Église du Saint-Esprit
octoberoct 6

1h40 with intermission

Prices €8 to €25
Subscribers €8 to €20

Monday october 6

20h30

François J. Bonnet, Orbes, for large ensemble (2025), commissioned by ONCEIM and La Muse en Circuit – CNCM.
Co-produced by La Muse en Circuit – CNCM. World premiere.

Éliane Radigue, Occam Océan I, for orchestra (2015).

Musicians of ONCEIM
Frédéric Blondy musical direction

Les Inspirations Visibles, ONCEIM, La Muse en Circuit – CNCM, and the Festival d’Automne à Paris are co-producers of this concert.
Part of Les Inspirations Visibles, a concert series curated by Stephen O’Malley and Hampus Lindwall for the Église du Saint-Esprit.
Presented and produced by Ideologic Organ Music and the Association des Grandes Orgues à l’Église du Saint-Esprit – Jeanne Demessieux.

"Make waves for me," was what Éliane Radigue asked each of the musicians of Occam Océan I to do. This free-flowing work which relies upon a subtle mastery of each sound exerts deep fascination on behalf of its listeners. In counterpoint, François J. Bonnet’s piece Orbes reaches out to a celestial vault where, due to the force of gravity, the stars attract each other.

 

In Paradise Lost, the poet John Milton speaks of "dazzling orbs", in an allusion to the plurality of different worlds. Satan frees himself from Hell, chaos, and the night in order to corrupt the new-born humanity, and makes his way through its abstract universe. These images provided the inspiration for this piece by François J. Bonnet. Exploring the possibilities of the instruments themselves, he sets forth sequences and uses the different sound energies in order to build up a composition in which every orb is the horizon of another, in multiple trajectories.

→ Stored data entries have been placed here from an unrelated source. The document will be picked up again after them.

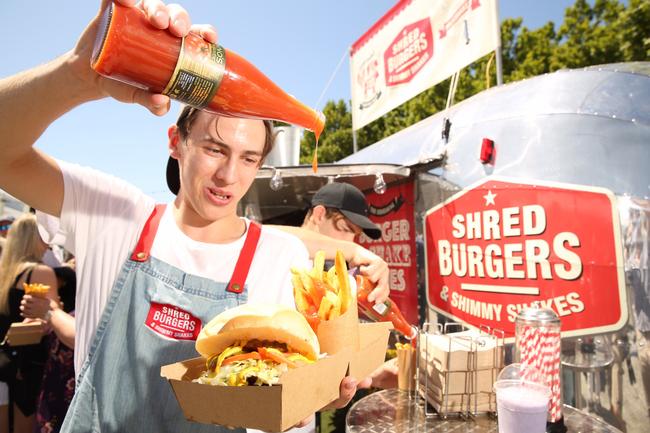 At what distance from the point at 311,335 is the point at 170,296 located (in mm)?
622

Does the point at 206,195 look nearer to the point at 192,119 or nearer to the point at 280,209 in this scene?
the point at 192,119

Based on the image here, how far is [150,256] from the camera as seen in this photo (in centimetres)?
164

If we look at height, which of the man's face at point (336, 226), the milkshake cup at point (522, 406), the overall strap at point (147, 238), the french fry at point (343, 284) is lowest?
the milkshake cup at point (522, 406)

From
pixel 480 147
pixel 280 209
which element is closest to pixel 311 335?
pixel 480 147

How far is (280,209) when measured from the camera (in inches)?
335

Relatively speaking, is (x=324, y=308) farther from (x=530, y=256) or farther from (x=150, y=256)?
(x=530, y=256)

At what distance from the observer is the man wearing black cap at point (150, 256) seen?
4.86 feet

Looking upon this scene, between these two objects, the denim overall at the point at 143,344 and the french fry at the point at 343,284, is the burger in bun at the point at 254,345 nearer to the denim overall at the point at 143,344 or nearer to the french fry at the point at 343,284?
the french fry at the point at 343,284

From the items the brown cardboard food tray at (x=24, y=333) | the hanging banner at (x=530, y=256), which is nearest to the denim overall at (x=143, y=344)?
the brown cardboard food tray at (x=24, y=333)

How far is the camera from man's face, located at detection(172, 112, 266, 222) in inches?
64.8

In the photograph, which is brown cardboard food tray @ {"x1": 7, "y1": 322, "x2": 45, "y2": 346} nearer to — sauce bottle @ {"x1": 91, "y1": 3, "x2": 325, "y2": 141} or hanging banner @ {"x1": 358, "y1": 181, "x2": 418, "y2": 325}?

Occam Océan I leads us into the dizzying vibrations in which we are bathed, those of the infinitely small kind and those between the Sun and the Earth, if not beyond, towards other galaxies. From out of these waves that travel through the universe, our ears perceive little more than a congruous portion. The ocean provides us with an image, on a more human scale, of the variety of their lengths, between tide and wavelet, lapping at the water’s edge and foam. The title of the work also refers to "Ockham's razor", taken from a fourteenth-century philosopher. It centres upon a principle of simplicity, economy and parsimony, enriching our knowledge of sound and allowing the life-force that it carries within it to simply happen.